Wedding Crap

It's a tale as old as time: Boy meets girl. Boy asks girl's father's permission to marry her, then plans a big public proposal to surprise the girl herself (she's probably been waiting on him for ages). He slips a shiny diamond ring on her finger, and now she can finally start looking for the white dress she's been dreaming of her entire life. The couple picks out their bridesmaids and groomsmen, who help plan the bachelorette and bachelor parties, and throw a shower for the bride. 

Fancy invitations go out to friends and relatives to witness the big day. The bride in particular is surrounded by her closest circle as she gets ready, and soon she's walking down the aisle with her father, bouquet in hand, veil trailing behind her. The groom sees her for the first time that day as she approaches, then the officiant begin the ceremony, and leads the couple in their vows. All the while, a photographer circles around them, making the 4- to 5-figure investment just in the documenting of this event worth while. 

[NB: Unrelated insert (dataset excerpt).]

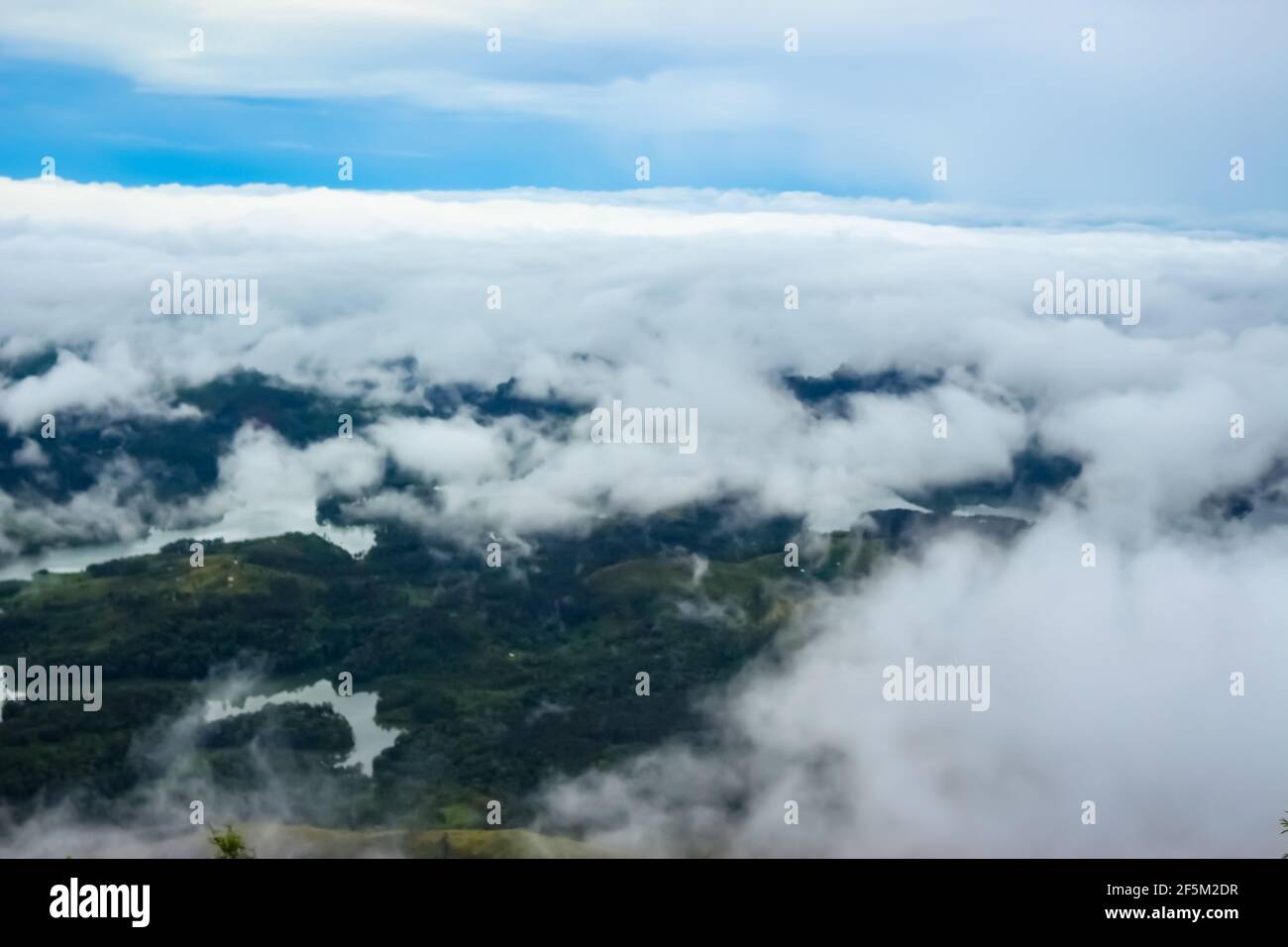 Beautiful Ariel View Of Misty Clouds Passing Over The Mountains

As they are announced man and wife, the guests can now have what they really came here for - the party. The reception celebrates the new marriage, including a first dance, cutting of the cake, and highlighting their single friends by tossing the bouquet and garter. As the night winds down, they're sent off to their honeymoon in a big farewell. The bride is now Mrs. HisName, which of course she's been practicing writing since the day they met. As soon as she gets home, she'll send her fancy dress off to the cleaners to be preserved, until a hypothetical daughter wears it in the future. 

In other words, weddings are stupid. So why'd I even get married?